This test was proposed by Phillips, Shi, and Yu in the work Testing for Multiple Bubbles: Historical Episodes of Exuberance and Collapse in the S&P 500 available here. The advantage of this test is that it allows testing for multiple regimes switches (random walk to bubble and back).

The test is based on the following regression:

\[\Delta y_{t} = \alpha + \beta y_{t-1} + \sum_{l=1}^{L}{\gamma_{l} \Delta y_{t-l}} + \varepsilon_{t}\]

And, the hypothesis \(H_{0}\) is tested against \(H_{1}\):

\[\begin{split}\begin{equation} \begin{split} H_{0} & : \beta \le 0 \\ H_{1} & : \beta > 0 \\ \end{split} \end{equation}\end{split}\]

The Supremum Augmented Dickey-Fuller fits the above regression for each end point \(t\) with backward expanding start points and calculates the test-statistic as:

\[\begin{equation} SADF_{t} = \sup_{t_0 \in [1, t-\tau]}\{ADF_{t_0, t}\} = \sup_{t_0 \in [1, t-\tau]} \Bigg\{\frac{\hat\beta_{t_0,t}}{\hat\sigma_{\beta_{t_0, t}}}\Bigg\} \end{equation}\]

where \(\hat\beta_{t_0,t}\) is estimated on the sample from \(t_{0}\) to \(t\), \(\tau\) is the minimum sample length in the analysis, \(t_{0}\) is the left bound of the backwards expanding window, \(t\) iterates through \([\tau, ..., T]\) .

In comparison to SDFC, which is computed only at time \(T\), the SADF is computed at each \(t \in [\tau, T]\), recursively expanding the sample \(t_{0} \in [1, t - \tau]\) . By doing so, the SADF does not assume a known number of regime switches.

structural breaks

Image showing SADF test statistic with 5 lags and linear model.

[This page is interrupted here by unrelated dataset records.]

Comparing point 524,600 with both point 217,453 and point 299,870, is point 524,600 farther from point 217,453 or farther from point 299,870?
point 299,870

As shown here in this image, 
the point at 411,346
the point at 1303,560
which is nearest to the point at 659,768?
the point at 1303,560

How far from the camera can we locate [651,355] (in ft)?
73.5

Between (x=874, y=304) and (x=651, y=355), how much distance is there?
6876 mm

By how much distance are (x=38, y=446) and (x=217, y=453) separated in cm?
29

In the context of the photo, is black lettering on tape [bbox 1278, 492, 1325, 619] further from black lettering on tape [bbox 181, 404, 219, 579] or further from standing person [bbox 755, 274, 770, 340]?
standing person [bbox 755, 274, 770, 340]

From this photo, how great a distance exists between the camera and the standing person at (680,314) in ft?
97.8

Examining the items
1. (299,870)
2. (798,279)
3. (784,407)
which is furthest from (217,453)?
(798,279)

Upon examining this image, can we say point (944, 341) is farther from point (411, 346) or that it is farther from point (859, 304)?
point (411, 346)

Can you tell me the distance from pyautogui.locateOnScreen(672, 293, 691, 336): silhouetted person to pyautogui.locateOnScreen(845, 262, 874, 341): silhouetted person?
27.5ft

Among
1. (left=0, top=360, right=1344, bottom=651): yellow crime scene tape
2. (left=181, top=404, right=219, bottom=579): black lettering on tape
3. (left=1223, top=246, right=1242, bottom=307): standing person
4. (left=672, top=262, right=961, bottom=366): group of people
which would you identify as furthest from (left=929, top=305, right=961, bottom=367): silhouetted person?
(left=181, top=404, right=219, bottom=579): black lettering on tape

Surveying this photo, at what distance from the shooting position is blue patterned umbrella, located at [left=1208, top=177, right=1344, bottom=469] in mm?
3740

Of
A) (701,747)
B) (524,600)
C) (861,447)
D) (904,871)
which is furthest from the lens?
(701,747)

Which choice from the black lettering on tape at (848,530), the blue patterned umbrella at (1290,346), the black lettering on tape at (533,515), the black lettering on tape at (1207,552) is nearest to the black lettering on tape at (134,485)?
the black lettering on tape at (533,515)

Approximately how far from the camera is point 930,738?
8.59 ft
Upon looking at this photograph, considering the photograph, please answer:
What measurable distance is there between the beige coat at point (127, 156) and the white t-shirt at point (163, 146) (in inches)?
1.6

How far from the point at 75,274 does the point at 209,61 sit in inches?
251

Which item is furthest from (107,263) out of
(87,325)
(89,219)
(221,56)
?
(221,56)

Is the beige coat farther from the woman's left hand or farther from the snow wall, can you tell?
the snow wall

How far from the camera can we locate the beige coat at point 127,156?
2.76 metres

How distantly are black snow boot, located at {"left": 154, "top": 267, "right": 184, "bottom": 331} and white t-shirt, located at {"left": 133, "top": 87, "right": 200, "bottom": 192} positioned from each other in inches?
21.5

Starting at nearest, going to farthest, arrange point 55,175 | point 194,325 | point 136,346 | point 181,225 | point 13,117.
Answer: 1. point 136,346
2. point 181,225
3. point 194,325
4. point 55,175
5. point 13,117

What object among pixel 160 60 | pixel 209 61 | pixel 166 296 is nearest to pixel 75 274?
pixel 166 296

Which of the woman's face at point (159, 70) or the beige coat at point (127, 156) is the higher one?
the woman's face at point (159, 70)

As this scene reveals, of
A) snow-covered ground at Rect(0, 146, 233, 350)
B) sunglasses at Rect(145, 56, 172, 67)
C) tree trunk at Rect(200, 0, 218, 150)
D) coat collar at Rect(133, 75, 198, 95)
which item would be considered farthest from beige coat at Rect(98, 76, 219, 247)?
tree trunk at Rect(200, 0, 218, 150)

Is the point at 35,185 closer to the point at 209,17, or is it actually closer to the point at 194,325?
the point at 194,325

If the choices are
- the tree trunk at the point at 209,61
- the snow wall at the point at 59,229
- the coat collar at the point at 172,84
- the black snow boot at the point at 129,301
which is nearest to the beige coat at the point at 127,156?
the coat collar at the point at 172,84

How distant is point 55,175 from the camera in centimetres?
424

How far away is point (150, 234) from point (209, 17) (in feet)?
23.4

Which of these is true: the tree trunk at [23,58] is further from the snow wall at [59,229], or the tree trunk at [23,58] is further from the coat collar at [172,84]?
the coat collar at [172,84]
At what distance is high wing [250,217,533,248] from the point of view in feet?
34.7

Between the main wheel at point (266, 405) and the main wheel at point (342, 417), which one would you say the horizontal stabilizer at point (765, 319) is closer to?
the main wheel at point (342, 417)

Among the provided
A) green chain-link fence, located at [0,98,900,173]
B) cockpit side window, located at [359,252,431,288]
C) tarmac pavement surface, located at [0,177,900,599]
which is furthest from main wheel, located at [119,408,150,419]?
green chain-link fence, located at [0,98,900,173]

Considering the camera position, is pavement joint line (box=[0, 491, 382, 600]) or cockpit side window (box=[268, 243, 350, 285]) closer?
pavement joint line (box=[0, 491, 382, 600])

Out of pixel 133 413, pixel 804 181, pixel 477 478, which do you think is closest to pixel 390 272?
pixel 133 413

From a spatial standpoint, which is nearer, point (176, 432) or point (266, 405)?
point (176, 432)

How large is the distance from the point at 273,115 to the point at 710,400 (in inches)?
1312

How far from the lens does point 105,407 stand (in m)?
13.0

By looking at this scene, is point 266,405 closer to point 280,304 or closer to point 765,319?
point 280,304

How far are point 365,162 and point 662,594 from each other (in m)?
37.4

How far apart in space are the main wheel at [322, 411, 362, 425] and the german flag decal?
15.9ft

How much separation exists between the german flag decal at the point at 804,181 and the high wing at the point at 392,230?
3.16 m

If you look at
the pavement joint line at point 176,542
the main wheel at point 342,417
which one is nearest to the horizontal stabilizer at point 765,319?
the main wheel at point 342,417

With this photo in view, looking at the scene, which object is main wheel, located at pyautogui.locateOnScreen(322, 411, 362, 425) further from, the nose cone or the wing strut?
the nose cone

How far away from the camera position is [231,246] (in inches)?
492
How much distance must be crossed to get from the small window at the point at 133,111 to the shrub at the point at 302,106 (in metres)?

The SADF line spikes when prices exhibit a bubble-like behavior, and returns to low levels when the bubble bursts.

The model and the add_const parameters of the get_sadf function allow for different specifications of the regression’s time trend component.

Linear model (model=’linear’) uses a linear time trend:

\[\Delta y_{t} = \beta y_{t-1} + \sum_{l=1}^{L}{\gamma_{l} \Delta y_{t-l}} + \varepsilon_{t}\]

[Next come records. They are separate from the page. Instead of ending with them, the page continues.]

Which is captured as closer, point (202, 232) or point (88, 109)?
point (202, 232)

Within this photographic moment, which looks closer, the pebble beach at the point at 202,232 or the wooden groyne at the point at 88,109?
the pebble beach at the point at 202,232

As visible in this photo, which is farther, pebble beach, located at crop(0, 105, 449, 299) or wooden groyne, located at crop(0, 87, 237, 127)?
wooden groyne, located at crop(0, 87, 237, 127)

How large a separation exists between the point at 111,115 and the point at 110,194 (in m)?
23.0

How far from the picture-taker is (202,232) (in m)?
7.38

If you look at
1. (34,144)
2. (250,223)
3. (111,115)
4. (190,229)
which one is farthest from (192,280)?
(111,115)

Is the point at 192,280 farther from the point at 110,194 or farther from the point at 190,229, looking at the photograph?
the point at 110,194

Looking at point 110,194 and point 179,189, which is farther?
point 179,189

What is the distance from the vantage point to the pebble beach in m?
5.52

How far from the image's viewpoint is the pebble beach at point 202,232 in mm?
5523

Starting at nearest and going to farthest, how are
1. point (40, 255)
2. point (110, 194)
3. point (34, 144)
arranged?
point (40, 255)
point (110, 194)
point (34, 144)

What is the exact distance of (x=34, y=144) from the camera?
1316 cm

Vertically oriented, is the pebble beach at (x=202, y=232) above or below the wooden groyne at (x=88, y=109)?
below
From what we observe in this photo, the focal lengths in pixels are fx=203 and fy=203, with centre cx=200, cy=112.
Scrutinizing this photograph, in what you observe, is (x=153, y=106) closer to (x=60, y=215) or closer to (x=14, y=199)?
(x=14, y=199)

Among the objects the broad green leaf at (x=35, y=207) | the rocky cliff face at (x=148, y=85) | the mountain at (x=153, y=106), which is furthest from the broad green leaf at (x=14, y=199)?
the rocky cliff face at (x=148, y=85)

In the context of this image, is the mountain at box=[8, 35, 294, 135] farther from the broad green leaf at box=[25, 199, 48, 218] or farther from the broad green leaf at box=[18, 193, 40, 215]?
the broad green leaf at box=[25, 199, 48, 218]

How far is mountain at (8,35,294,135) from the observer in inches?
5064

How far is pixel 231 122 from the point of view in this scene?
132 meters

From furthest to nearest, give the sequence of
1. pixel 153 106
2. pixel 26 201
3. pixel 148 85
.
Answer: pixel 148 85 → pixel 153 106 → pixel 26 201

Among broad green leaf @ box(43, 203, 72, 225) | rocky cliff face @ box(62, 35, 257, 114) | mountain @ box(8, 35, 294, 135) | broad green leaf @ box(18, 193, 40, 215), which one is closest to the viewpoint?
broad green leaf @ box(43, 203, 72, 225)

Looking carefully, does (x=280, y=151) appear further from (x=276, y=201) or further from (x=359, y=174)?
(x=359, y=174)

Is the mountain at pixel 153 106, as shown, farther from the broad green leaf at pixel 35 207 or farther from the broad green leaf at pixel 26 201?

Quadratic model (model=’quadratic’) uses a second-degree polynomial time trend:

\[\Delta y_{t} = \beta y_{t-1} + \sum_{l=1}^{L}{\gamma_{l} \Delta y_{t-l}} + \sum_{l=1}^{L}{\delta_{l}^2 \Delta y_{t-l}} + \varepsilon_{t}\]

Adding a constant (add_const=True) to those specifications results in:

\[\Delta y_{t} = \alpha + \beta y_{t-1} + \sum_{l=1}^{L}{\gamma_{l} \Delta y_{t-l}} + \varepsilon_{t}\]

and

\[\Delta y_{t} = \alpha + \beta y_{t-1} + \sum_{l=1}^{L}{\gamma_{l} \Delta y_{t-l}} + \sum_{l=1}^{L}{\delta_{l}^2 \Delta y_{t-l}} + \varepsilon_{t}\]

respectively.

Implementation

get_sadf(series: Series, model: str, lags: int | list, min_length: int, add_const: bool = False, phi: float = 0, num_threads: int = 8, verbose: bool = True) Series

Advances in Financial Machine Learning, p. 258-259.

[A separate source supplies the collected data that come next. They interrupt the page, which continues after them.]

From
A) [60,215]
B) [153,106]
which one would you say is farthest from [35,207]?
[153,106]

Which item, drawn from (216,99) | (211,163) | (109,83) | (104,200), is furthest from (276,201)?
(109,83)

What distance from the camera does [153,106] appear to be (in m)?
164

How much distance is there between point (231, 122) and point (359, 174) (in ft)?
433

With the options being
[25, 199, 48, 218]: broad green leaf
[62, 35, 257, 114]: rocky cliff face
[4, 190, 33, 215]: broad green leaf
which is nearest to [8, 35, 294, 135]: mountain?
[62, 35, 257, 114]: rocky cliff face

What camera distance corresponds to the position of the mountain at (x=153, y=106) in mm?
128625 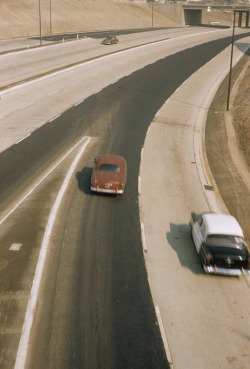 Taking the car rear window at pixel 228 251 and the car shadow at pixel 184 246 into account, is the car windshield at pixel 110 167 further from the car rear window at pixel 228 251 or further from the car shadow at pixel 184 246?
the car rear window at pixel 228 251

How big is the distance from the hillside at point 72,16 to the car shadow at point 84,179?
2671 inches

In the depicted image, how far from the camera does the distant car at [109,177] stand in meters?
23.8

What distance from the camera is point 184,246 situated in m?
20.4

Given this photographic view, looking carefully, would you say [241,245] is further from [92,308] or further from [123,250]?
Answer: [92,308]

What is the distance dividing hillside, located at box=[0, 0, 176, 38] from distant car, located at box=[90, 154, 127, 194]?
7055 centimetres

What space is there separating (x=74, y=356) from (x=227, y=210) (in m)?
13.3

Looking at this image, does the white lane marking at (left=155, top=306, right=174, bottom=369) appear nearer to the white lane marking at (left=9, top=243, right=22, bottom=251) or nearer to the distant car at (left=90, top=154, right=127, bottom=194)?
the white lane marking at (left=9, top=243, right=22, bottom=251)

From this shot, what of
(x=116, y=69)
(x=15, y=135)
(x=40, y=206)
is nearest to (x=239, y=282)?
(x=40, y=206)

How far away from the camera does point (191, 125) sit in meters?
39.2

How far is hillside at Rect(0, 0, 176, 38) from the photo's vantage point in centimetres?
9350

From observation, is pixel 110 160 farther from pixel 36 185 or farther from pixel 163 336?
pixel 163 336

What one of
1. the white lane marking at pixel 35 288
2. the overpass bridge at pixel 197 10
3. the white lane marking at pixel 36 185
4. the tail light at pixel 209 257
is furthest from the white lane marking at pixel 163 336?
the overpass bridge at pixel 197 10

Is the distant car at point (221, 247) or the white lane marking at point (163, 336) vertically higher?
the distant car at point (221, 247)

Multithread implementation of SADF.

SADF fits the ADF regression at each end point t with backwards expanding start points. For the estimation of SADF(t), the right side of the window is fixed at t. SADF recursively expands the beginning of the sample up to t - min_length, and returns the sup of this set.

When doing with sub- or super-martingale test, the variance of beta of a weak long-run bubble may be smaller than one of a strong short-run bubble, hence biasing the method towards long-run bubbles. To correct for this bias, ADF statistic in samples with large lengths can be penalized with the coefficient phi in [0, 1] such that:

ADF_penalized = ADF / (sample_length ^ phi)

Parameters:
  • series – (pd.Series) Series for which SADF statistics are generated.

  • model – (str) Either ‘linear’, ‘quadratic’, ‘sm_poly_1’, ‘sm_poly_2’, ‘sm_exp’, ‘sm_power’.

  • lags – (int or list) Either number of lags to use or array of specified lags.

  • min_length – (int) Minimum number of observations needed for estimation.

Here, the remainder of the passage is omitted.